In most cases, a cloud computing model will require the participation of a cloud provider. The cloud provider may, but need not be, a third-party service that specializes in providing (e.g., offering, renting, selling) IaaS. An entity might also opt to deploy a private cloud, becoming its own provider of infrastructure services.

In some examples, IaaS deployment is the process of putting a new application, or a new version of an application, onto a prepared application server or the like. It may also include the process of preparing the server (e.g., installing libraries, daemons, etc.). This is often managed by the cloud provider, below the hypervisor layer (e.g., the servers, storage, network hardware, and virtualization). Thus, the customer may be responsible for handling (OS), middleware, and/or application deployment (e.g., on self-service virtual machines (e.g., that can be spun up on demand)) or the like.

In some examples, IaaS provisioning may refer to acquiring computers or virtual hosts for use, and even installing needed libraries or services on them. In most cases, deployment does not include provisioning, and the provisioning may need to be performed first.

In some cases, there are two different problems for IaaS provisioning. First, there is the initial challenge of provisioning the initial set of infrastructure before anything is running. Second, there is the challenge of evolving the existing infrastructure (e.g., adding new services, changing services, removing services, etc.) once everything has been provisioned. In some cases, these two challenges may be addressed by enabling the configuration of the infrastructure to be defined declaratively. In other words, the infrastructure (e.g., what components are needed and how they interact) can be defined by one or more configuration files. Thus, the overall topology of the infrastructure (e.g., what resources depend on which, and how they each work together) can be described declaratively. In some instances, once the topology is defined, a workflow can be generated that creates and/or manages the different components described in the configuration files.

In some examples, an infrastructure may have many interconnected elements. For example, there may be one or more virtual private clouds (“VPC” ) (e.g., a potentially on-demand pool of configurable and/or shared computing resources), also known as a core network. In some examples, there may also be one or more security group rules provisioned to define how the security of the network will be set up and one or more virtual machines.

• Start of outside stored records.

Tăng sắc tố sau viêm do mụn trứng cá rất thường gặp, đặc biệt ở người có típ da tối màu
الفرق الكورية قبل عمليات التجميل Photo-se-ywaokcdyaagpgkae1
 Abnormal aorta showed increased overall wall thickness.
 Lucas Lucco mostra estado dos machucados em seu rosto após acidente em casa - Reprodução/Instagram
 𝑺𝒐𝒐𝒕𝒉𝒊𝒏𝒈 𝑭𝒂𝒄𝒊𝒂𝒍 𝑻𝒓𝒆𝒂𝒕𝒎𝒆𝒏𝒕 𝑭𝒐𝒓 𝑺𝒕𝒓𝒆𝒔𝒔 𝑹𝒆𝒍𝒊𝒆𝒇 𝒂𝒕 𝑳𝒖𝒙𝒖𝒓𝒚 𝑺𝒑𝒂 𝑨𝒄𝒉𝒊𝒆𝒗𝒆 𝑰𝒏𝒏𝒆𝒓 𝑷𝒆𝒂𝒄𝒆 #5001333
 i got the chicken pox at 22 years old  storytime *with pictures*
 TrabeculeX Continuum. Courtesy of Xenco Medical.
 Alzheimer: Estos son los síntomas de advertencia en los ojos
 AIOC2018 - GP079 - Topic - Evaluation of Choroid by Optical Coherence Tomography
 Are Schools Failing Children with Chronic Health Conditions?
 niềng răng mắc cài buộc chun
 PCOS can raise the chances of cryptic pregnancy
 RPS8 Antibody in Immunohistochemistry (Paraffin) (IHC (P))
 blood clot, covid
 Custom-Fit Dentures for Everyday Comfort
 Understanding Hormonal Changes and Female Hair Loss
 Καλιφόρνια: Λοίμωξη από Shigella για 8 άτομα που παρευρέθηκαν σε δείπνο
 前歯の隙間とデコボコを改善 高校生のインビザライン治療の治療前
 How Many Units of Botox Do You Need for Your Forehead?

Other infrastructure elements may also be provisioned, such as a load balancer, a database, or the like. As more and more infrastructure elements are desired and/or added, the infrastructure may incrementally evolve.

In some instances, continuous deployment techniques may be employed to enable deployment of infrastructure code across various virtual computing environments. Additionally, the described techniques can enable infrastructure management within these environments. In some examples, service teams can write code that is desired to be deployed to one or more, but often many, different production environments (e.g., across various different geographic locations, sometimes spanning the entire world). However, in some examples, the infrastructure on which the code will be deployed must first be set up. In some instances, the provisioning can be done manually, a provisioning tool may be utilized to provision the resources, and/or deployment tools may be utilized to deploy the code once the infrastructure is provisioned.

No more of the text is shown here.